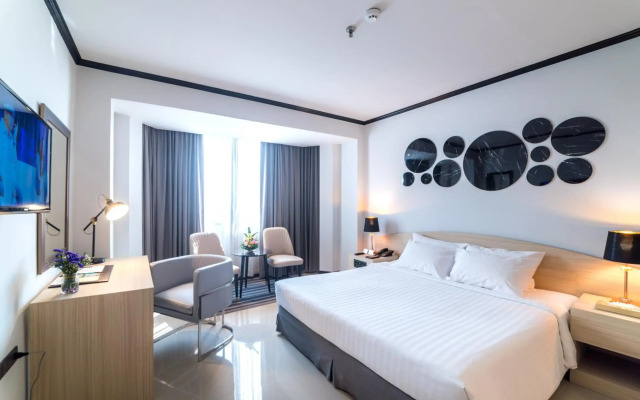 Maruay Garden Hotel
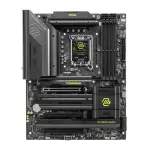 Motherboard MSI MAG Z890 Tomahawk WIFI ATX 4xDDR5 Socket LGA1851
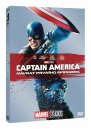 előnézet Amerika Kapitány: A tél katonája - DVD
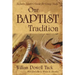 Our Baptist Tradition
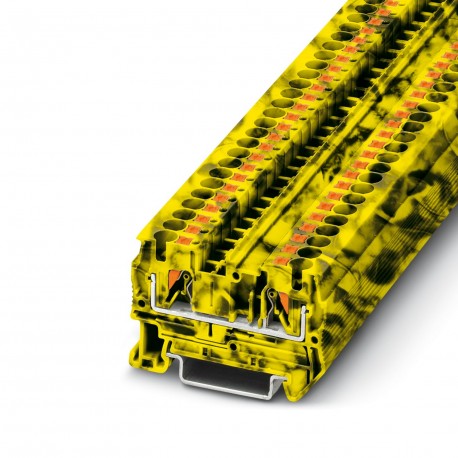 Phoenix contact PT 4-FE Terminal step, nominal voltage: 800 V, rated current: 32 A, type of Connecti..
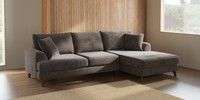Large Sofa Chaise - Right Hand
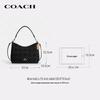 COACH LAURAL Classic Signature Women's Shoulder Hobo Bag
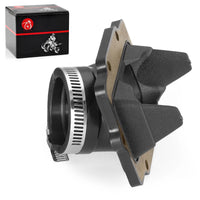 Carburetor Intake Boot Holder for Kawasaki KX500 (1989-2004)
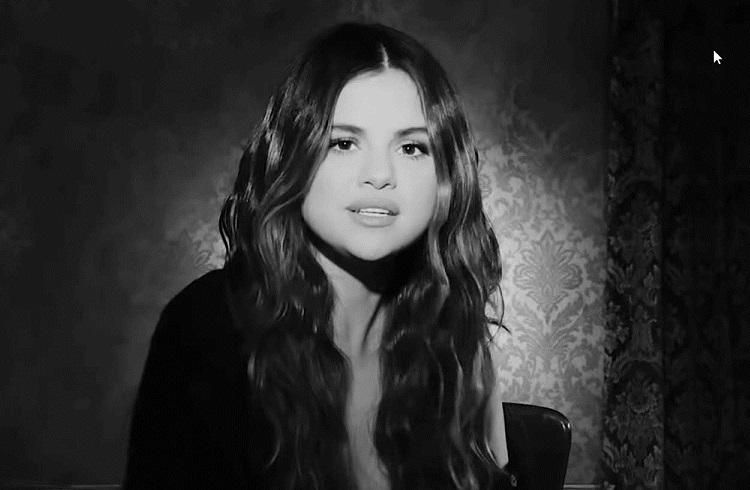 Selena Gomez lança música e fãs dizem que inspiração foi Justin Bieber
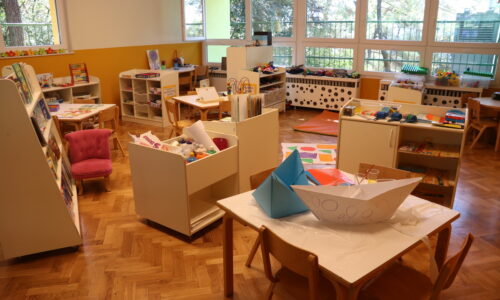 Dječji vrtić Radost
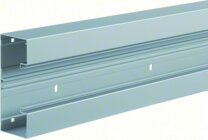 Hager BRA651701ELN Brstungskanal-UT elox (2m)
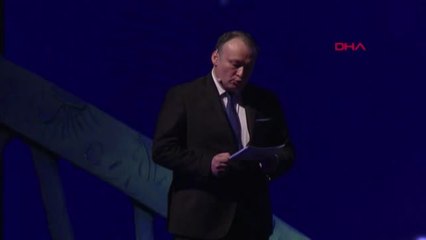 Emine Erdoğan Uluslararası Geleneksel ve Tamamlayıcı Tıp Kongresinde Konuştu 1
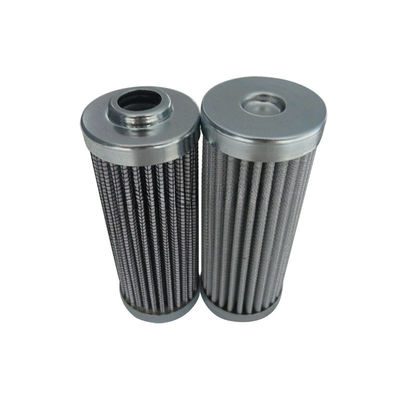 Filtr Vickers V3RV1C05 Włókno sieci ze stali nierdzewnej Wewnętrzny hydrauliczny filtr oleju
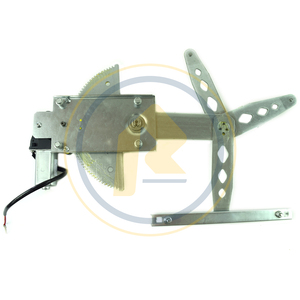 อะไหล่ชุดมอเตอร์กระจกไฟฟ้า Ac Rolcar รุ่น A1637201246 สำหรับ Mercedes-Benz ML ปี 1998-2005 - Product Image 1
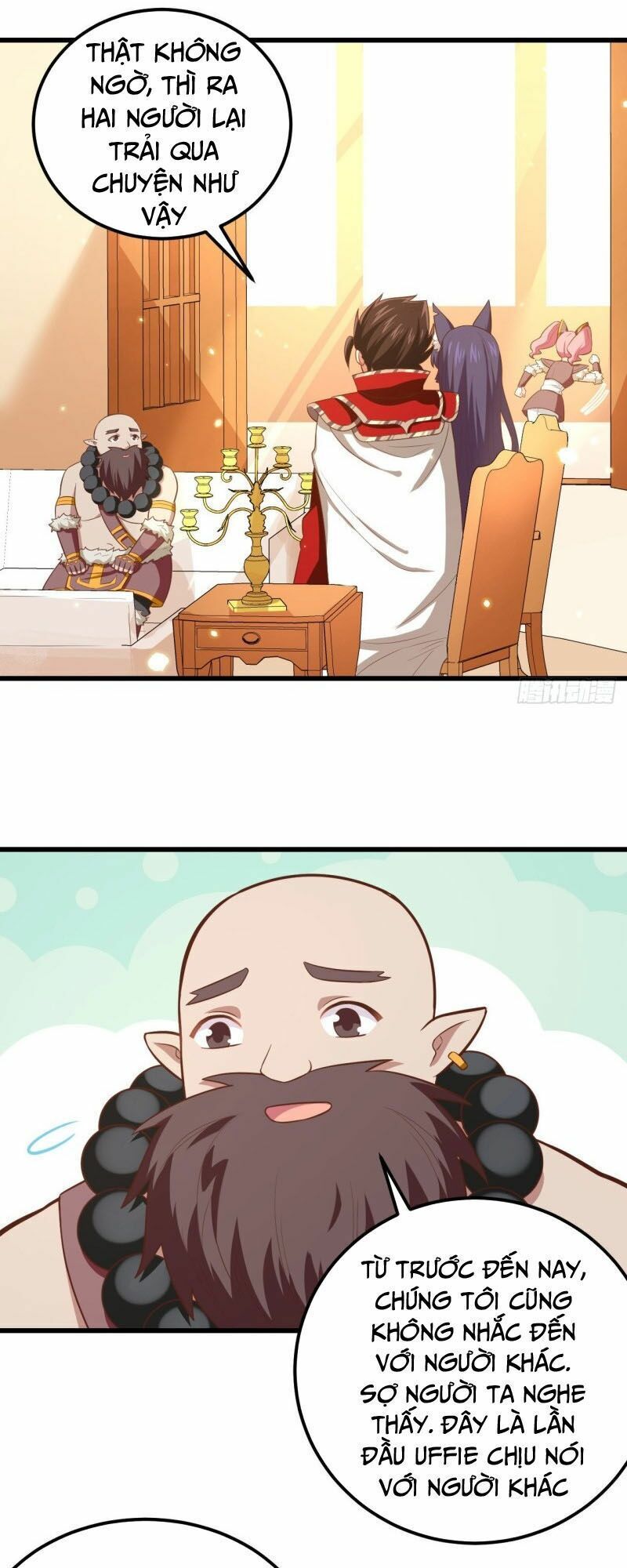 đọc truyện Từ Hôm Nay Bắt Đầu Làm Thành Chủ Chương 214 ảnh 28 tại Thiên Thai Truyện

-*-

Directions for this task: Each line from the one that holds "Our Baptist Tradition" through the end of the entries must be returned exactly, while any pictures stay out.

Answer to this task:
 Our Baptist Tradition
 Phoenix contact PT 4-FE Terminal step, nominal voltage: 800 V, rated current: 32 A, type of Connecti..
Large Sofa Chaise - Right Hand
 COACH LAURAL Classic Signature Women's Shoulder Hobo Bag
 Carburetor Intake Boot Holder for Kawasaki KX500 (1989-2004)
 Selena Gomez lança música e fãs dizem que inspiração foi Justin Bieber
 Dječji vrtić Radost
 Hager BRA651701ELN Brstungskanal-UT elox (2m)
 Emine Erdoğan Uluslararası Geleneksel ve Tamamlayıcı Tıp Kongresinde Konuştu 1
 Filtr Vickers V3RV1C05 Włókno sieci ze stali nierdzewnej Wewnętrzny hydrauliczny filtr oleju
 อะไหล่ชุดมอเตอร์กระจกไฟฟ้า Ac Rolcar รุ่น A1637201246 สำหรับ Mercedes-Benz ML ปี 1998-2005 - Product Image 1
 đọc truyện Từ Hôm Nay Bắt Đầu Làm Thành Chủ Chương 214 ảnh 28 tại Thiên Thai Truyện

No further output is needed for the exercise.